(Items from a data source)

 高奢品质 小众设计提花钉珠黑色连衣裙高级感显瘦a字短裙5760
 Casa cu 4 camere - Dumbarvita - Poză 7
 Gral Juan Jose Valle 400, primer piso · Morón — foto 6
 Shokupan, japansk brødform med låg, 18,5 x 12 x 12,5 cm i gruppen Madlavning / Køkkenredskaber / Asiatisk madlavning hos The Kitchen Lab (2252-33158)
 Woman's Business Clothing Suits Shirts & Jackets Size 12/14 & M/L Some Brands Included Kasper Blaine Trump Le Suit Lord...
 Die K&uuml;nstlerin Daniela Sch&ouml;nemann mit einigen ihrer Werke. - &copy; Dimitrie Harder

§ **What you need to do**: Copy every record shown above, exactly and completely.

§ **Answer below**:
 高奢品质 小众设计提花钉珠黑色连衣裙高级感显瘦a字短裙5760
 Casa cu 4 camere - Dumbarvita - Poză 7
 Gral Juan Jose Valle 400, primer piso · Morón — foto 6
 Shokupan, japansk brødform med låg, 18,5 x 12 x 12,5 cm i gruppen Madlavning / Køkkenredskaber / Asiatisk madlavning hos The Kitchen Lab (2252-33158)
 Woman's Business Clothing Suits Shirts & Jackets Size 12/14 & M/L Some Brands Included Kasper Blaine Trump Le Suit Lord...
 Die K&uuml;nstlerin Daniela Sch&ouml;nemann mit einigen ihrer Werke. - &copy; Dimitrie Harder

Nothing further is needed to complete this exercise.